For those seeking a little off-the-wall entertainment this week, you need to look no further than the Town of Jupiter Island.

Its meeting Thursday morning at 9 a.m., Jan. 13, at Jupiter Island Town Hall likely will be packed, as will a Martin County Circuit courtroom on Friday, Jan. 14, to hear arguments at 9 a.m. to either uphold or dismiss the pending lawsuit against the town, or go to trial in April. Judge Gary Sweet will decide likely sometime the following week.

Prior to hearing arguments for summary judgments, Sweet also will hear and likely rule on a motion to strike an affidavit by Adena Testa, who claims that the testimony by her husband, David Testa, in a pretrial deposition is “unreliable.”

In his October deposition, David Testa allegedly said he, indeed, was aware of at least one public hearing for Ordinance 376 that moved the waterfront setback line at the center of debate.

On Thursday, the town commission will decide how to proceed in the face of one commissioner’s resignation Dec. 30. The last time the commission discussed how to proceed in case of a commissioner’s resignation was Dec. 13, an hour prior to hearing the appeals for the town’s Impact Review Committee’s approval of two development applications in the 300 block of South Beach Road – but no one resigned.

“If no one intends to resign,” asked an obviously frustrated Mayor Whitney Pidot, after a sometimes contentious hour-long deliberation, “then what are we doing here?”

The commissioners’ apparent practice session will serve them well at Thursday’s meeting, because Commissioner Harold “Hank” Heck resigned unexpectedly from his post just two weeks later in the face of a public records lawsuit.

Attorney Ethan Loeb, representing the property owners most affected by island resident David Testa’s lawsuit against the town, notified Heck that a lawsuit would be filed in five days for his alleged failure to comply fully with Loeb’s Dec. 4 and Dec. 17 public records requests.

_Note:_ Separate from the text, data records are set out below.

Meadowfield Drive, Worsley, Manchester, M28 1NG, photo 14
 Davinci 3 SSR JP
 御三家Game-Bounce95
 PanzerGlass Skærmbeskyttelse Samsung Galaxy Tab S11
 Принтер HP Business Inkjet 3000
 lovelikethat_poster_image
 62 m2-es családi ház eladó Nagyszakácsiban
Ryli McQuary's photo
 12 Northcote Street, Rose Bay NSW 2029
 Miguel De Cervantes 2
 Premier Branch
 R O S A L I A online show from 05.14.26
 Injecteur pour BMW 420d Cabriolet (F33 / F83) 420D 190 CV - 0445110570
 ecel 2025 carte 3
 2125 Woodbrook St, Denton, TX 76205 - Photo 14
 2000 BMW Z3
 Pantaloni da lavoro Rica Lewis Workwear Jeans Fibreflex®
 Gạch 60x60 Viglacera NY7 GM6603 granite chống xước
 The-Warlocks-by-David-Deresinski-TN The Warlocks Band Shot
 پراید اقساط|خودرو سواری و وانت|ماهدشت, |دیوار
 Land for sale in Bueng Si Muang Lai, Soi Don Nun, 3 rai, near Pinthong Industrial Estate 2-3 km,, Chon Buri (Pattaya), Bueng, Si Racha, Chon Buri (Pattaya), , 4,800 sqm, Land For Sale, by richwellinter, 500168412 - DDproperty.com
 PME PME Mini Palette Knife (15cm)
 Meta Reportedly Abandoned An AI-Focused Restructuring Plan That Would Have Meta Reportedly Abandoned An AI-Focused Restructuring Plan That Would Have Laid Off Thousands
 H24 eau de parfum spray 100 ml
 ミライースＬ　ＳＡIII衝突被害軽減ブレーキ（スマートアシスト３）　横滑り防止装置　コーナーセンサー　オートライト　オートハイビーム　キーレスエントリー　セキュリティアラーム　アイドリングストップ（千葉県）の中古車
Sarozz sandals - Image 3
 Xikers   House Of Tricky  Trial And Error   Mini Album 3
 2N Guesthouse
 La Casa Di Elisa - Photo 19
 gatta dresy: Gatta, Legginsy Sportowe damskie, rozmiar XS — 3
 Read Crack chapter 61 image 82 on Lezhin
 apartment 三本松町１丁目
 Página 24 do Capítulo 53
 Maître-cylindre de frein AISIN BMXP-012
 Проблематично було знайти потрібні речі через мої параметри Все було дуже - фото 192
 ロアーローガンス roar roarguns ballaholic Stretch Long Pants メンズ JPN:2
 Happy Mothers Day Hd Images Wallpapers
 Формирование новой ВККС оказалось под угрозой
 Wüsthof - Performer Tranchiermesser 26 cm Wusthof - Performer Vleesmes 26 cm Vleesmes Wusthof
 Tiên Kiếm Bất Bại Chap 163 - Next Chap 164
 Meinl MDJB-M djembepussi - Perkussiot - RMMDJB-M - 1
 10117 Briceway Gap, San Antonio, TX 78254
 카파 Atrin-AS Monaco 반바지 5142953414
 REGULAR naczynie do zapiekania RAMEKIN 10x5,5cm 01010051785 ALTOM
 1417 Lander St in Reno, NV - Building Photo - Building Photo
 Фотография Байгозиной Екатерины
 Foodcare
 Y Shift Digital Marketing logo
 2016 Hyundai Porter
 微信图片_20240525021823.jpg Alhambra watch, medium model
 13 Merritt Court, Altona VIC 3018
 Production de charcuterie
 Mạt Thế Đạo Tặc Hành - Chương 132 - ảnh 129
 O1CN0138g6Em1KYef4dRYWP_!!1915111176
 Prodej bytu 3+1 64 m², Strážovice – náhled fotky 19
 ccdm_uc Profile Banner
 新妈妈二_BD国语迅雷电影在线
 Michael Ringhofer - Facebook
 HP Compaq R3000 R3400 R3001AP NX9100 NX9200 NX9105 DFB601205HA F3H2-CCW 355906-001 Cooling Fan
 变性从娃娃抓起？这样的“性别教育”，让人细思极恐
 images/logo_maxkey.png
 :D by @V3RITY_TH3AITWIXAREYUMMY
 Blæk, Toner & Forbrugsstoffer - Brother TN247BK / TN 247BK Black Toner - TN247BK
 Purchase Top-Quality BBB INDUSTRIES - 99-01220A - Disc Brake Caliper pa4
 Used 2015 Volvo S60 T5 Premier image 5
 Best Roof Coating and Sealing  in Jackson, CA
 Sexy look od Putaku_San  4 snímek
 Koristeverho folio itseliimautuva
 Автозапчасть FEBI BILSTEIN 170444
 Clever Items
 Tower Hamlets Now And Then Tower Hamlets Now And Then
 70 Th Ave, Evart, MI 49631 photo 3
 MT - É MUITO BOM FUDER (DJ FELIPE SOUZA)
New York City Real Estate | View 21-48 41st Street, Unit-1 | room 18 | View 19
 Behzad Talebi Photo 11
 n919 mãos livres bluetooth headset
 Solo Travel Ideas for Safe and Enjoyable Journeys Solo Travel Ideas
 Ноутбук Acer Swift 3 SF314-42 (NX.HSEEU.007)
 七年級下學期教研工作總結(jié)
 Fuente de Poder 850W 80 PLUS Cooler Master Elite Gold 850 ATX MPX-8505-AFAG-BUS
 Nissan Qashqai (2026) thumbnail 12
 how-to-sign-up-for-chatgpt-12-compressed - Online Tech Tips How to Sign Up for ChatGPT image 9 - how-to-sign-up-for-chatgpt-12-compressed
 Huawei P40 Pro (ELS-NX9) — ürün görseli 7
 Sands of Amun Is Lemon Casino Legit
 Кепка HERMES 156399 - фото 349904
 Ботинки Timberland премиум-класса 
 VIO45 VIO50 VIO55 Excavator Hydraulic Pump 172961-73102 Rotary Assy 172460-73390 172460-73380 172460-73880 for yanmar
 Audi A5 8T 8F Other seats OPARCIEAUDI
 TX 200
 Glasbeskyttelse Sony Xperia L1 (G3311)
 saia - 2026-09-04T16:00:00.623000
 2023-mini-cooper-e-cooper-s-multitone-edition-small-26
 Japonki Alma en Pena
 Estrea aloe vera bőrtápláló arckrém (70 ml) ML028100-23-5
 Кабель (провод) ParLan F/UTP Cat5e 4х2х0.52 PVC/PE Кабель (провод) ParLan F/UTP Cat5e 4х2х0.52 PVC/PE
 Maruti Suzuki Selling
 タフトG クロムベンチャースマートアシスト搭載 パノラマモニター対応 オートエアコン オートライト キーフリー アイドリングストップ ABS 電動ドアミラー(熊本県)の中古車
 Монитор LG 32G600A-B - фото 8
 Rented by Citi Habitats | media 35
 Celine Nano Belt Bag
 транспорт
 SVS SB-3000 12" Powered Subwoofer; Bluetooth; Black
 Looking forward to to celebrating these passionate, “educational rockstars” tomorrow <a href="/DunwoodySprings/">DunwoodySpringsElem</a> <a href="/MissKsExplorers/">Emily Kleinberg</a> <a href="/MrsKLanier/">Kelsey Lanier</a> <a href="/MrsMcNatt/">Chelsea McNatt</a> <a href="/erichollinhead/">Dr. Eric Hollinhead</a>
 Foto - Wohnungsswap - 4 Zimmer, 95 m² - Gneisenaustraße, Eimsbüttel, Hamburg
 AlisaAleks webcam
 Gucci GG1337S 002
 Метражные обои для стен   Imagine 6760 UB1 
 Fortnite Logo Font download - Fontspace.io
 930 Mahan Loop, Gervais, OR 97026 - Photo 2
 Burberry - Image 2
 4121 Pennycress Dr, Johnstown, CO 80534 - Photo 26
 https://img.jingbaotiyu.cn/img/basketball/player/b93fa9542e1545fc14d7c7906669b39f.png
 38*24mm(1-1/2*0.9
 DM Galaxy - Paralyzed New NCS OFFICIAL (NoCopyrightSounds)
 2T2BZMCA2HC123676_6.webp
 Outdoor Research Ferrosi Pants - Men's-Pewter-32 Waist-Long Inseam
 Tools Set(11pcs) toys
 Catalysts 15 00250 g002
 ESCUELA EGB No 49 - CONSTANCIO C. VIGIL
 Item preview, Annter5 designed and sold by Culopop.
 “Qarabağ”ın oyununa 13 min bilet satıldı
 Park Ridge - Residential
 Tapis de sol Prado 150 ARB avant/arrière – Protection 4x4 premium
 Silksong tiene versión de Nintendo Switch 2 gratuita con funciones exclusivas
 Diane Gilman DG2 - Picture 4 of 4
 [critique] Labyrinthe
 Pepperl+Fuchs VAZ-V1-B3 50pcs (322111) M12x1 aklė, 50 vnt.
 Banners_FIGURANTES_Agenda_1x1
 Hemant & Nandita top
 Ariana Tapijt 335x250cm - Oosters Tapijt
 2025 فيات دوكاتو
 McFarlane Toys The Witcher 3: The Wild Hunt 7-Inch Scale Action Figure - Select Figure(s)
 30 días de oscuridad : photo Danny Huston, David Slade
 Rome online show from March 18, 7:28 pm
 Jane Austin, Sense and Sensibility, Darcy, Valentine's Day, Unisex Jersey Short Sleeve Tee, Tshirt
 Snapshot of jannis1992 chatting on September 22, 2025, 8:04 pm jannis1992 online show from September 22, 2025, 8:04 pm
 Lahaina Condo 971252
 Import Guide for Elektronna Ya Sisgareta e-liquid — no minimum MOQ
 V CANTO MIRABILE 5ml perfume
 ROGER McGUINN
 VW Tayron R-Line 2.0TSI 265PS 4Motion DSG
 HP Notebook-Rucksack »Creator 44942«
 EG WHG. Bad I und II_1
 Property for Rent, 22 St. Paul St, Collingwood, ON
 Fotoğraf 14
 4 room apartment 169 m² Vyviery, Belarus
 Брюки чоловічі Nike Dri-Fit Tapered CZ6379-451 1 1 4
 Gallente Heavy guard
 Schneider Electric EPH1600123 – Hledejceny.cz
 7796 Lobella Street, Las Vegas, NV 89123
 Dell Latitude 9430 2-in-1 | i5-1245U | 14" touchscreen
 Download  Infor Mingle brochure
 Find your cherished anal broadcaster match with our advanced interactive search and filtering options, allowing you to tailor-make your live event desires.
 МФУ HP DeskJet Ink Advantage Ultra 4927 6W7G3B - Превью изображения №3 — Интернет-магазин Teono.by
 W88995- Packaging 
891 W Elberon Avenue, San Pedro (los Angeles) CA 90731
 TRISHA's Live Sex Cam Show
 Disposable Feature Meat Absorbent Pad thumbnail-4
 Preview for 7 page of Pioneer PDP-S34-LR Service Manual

Testa’s lawsuit alleges the town filed an improper notice of the hearing that shifted the town’s waterfront setback line, opening previously undeveloped parcels of land to home construction.

Testa also asked for an injunction that would void all development applications in the 300-block of South Beach Road, all the parcels have been zoned for residential development for decades.

Loeb already filed a public records lawsuit against Town Commissioner Michael Brooks last fall, which ultimately resulted in a forensic examination of all of Brooks’ electronic devices, according to Loeb’s testimony. Dozens of previously undisclosed emails and text messages pertaining to Testa’s lawsuit, the waterfront setback line, and/or the affected properties at 310 and 322 S. Beach Road were uncovered.

“Not one of them said anything about protecting the dunes, about protecting the turtles, about protecting the vegetation,” Loeb told commissioners, during the IRC appeals. “Not one.”

Instead, the emails revealed what seemed to be the protesters’ overriding concern – protecting Jupiter Island from an influx of outsiders, from those who are not deemed worthy of membership in the Jupiter Island Club, from losing control of “their” beach and “their” island.

It has not made Loeb very popular on Jupiter Island, where he’s likely as disparaged as he was when he represented Lake Point Restoration in its lawsuit against environmental activist Maggy Hurchalla.

And we all know how that turned out.